Oslo University Hospital is a giant with respect to the size of its staff. Around 1,800 end users were given a two-hour course prior to start-up. In order to ensure the shortest possible period between the training and the system being taken into use, intensive training went on over a period of three weeks prior to the solution being introduced.

Support during the period just after start-up has proved to be important, as Klogh and Habte confirms.

'The follow-up period with the instructor has been very important. On Fridays, we have adjusted our schedule to allow time for some extra training. This has worked well. The only problem so far has been that surgeons who are in a rush have written their surgery reports using our logon, and haven't logged on as themselves. This is problematic in relation to liability issues, so this is something we must establish clearer procedures for,' the two nurses explain.

Full activity all the time

The project itself got off the ground in 2014, with a broadly composed working group consisting of 16 persons from different surgical environments and different locations at OUS. They agreed on what the electronic registration form was to look like, and developed the basis for the user manual and procedures. They also prepared a plan for the roll-out itself.

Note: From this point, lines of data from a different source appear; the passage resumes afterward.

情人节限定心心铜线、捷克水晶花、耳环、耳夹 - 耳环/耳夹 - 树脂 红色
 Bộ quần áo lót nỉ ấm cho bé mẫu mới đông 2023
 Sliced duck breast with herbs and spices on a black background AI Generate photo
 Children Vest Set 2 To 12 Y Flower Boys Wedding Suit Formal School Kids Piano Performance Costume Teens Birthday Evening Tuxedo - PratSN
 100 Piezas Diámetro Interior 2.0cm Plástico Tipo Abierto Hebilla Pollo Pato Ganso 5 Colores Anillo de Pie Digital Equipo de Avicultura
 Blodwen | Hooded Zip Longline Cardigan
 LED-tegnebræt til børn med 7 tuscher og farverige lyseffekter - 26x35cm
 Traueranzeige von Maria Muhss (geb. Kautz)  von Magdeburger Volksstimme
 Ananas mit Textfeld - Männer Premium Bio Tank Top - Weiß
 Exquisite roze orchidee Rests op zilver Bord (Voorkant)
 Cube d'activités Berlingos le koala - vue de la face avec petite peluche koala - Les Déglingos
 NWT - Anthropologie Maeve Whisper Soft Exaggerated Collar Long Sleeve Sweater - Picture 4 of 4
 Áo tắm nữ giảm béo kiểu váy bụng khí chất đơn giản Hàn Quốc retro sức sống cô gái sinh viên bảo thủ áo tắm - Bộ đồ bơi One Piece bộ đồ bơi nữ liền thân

The project has also prepared its own quality procedures for the operating theatre managers who are key personnel, you could say the very hub of this system. In OUS, the operating theatre managers, less than 100 in total, have been established as a technical unit. They started work on putting the project into production before everyone else, and had transferred data from paper and other computer programs so that all locations had normal surgical schedules on the day the solution was switched on.

'We hadn’t planned a reduction in activity and haven’t registered lower activity in the operating theatres as a result of the new work procedures,' Loraas says.

DIPS Operating theatre management provides a number of benefits to end users, including, not least, enabling the staff on the wards to give patients and next-of-kin better information. Given that the operating theatre schedule is updated in real time, all the users can follow the progress of the work in the different theatres, and are therefore in a better position to calculate how long it will be until the next operation can start.

'The programme does not mean, however, that the users no longer need to confer, they have to follow the control procedures as before. But you can now ask more precise questions,' says project manager Liv-Marie Eilertsen Loraas.

Theatre nurse Sleshe Tolesa Habte and nurse anesthetist Marie Klogh work at the surgical department at Ullevål Hospital, and began using DIPS Operating theatre management this autumn.

Liv-Marie Eilertsen Loraas has led the roll-out of DIPS Operating theatre management at all Oslo University Hospital's locations.

DIPS Operating theatre management at OUS

The roll-out started at Aker Hospital in April 2015. The program had already been in use there, but this version contains new procedures and a new solution. The project was able to garner experience and solve any problems during this phase. The Norwegian Radium Hospital started using the system in June, Ullevål followed on 22 September, and Rikshospital University Hospital on 10 November.